SeeCiTe: a method to assess CNV calls from SNP arrays using trio data

Bioinformatics. 2021 Jul 27;37(13):1876-1883. doi: 10.1093/bioinformatics/btab028.

Abstract

Motivation: Single nucleotide polymorphism (SNP) genotyping arrays remain an attractive platform for assaying copy number variants (CNVs) in large population-wide cohorts. However, current tools for calling CNVs are still prone to extensive false positive calls when applied to biobank scale arrays. Moreover, there is a lack of methods exploiting cohorts with trios available (e.g. nuclear family) to assist in quality control and downstream analyses following the calling.

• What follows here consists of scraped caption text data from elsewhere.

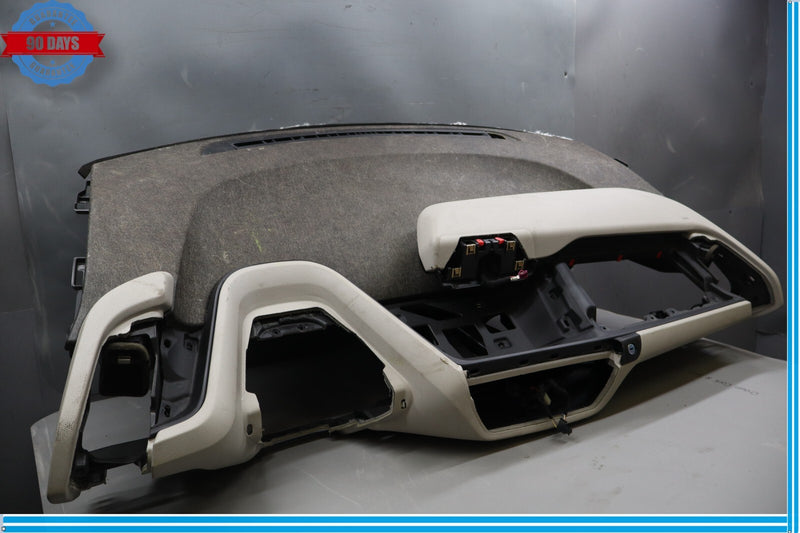 Load image into Gallery viewer, 14-21 BMW I01 i3 i3s Front Dash Dashboard Panel Assembly 72758410 Oem
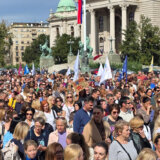 Obustava rada u školama 1. novembra: Kako će izgledati serija štrajkova koju su najavili sindikati obrazovanja? 9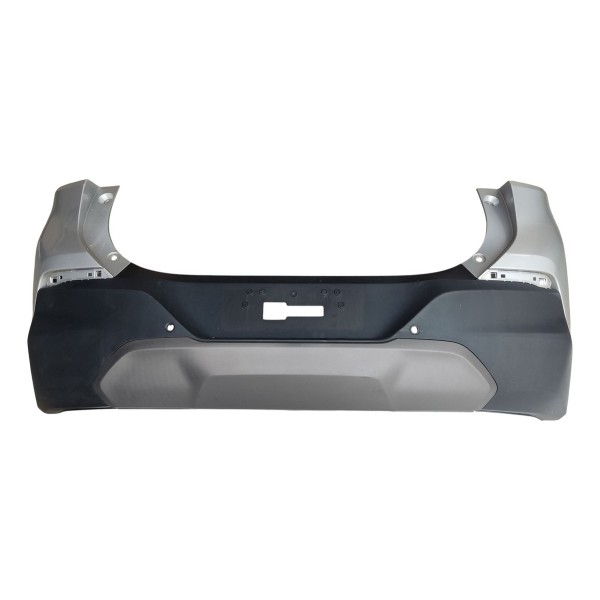 Parachoque Traseiro Gm Tracker 1.2 Turbo 2023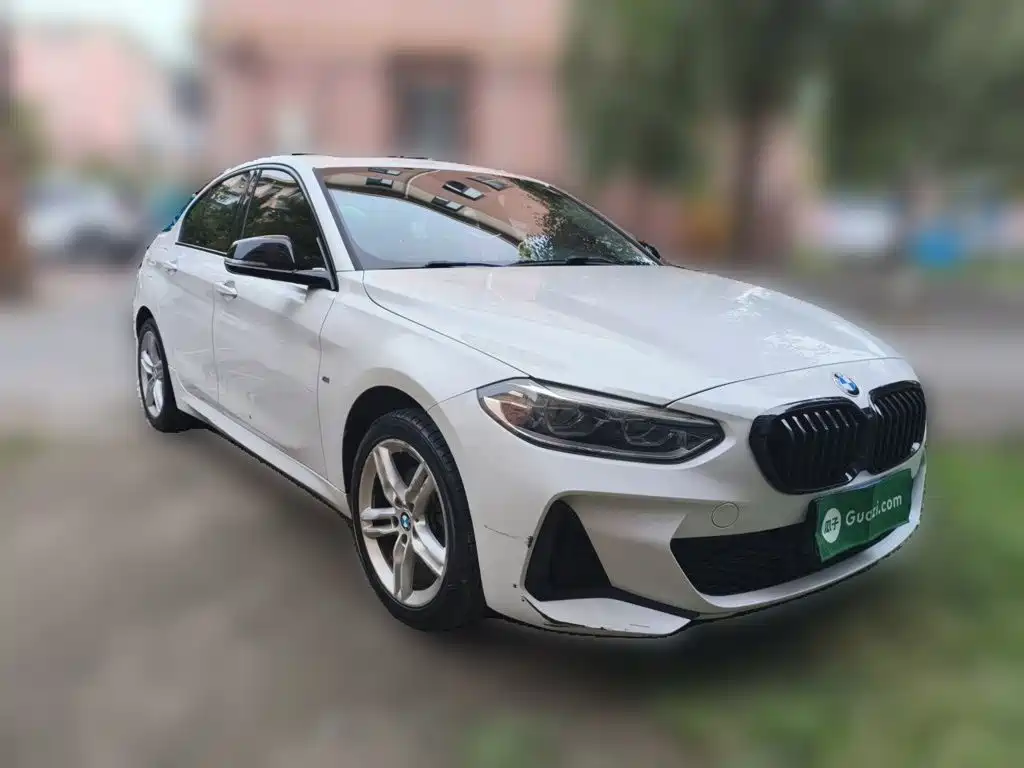 BMW 1 Series — фото 24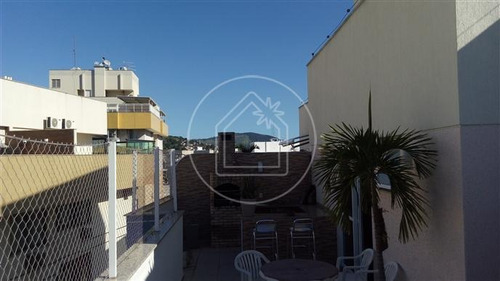 Apartamento - Ref: 794623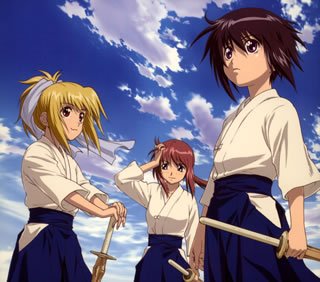 【中古】［CD］バンブーブレード O.S.T.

Results: We developed SeeCiTe (Seeing CNVs in Trios), a novel CNV-quality control tool that postprocesses output from current CNV-calling tools exploiting child-parent trio data to classify calls in quality categories and provide a set of visualizations for each putative CNV call in the offspring. We apply it to the Norwegian Mother, Father and Child Cohort Study (MoBa) and show that SeeCiTe improves the specificity and sensitivity compared to the common empiric filtering strategies. To our knowledge, it is the first tool that utilizes probe-level CNV data in trios (and singletons) to systematically highlight potential artifacts and visualize signal intensities in a streamlined fashion suitable for biobank scale studies.

Availability and implementation: The software is implemented in R with the source code freely available at https://github.com/aksenia/SeeCiTe.

Supplementary information: Supplementary data are available at Bioinformatics online.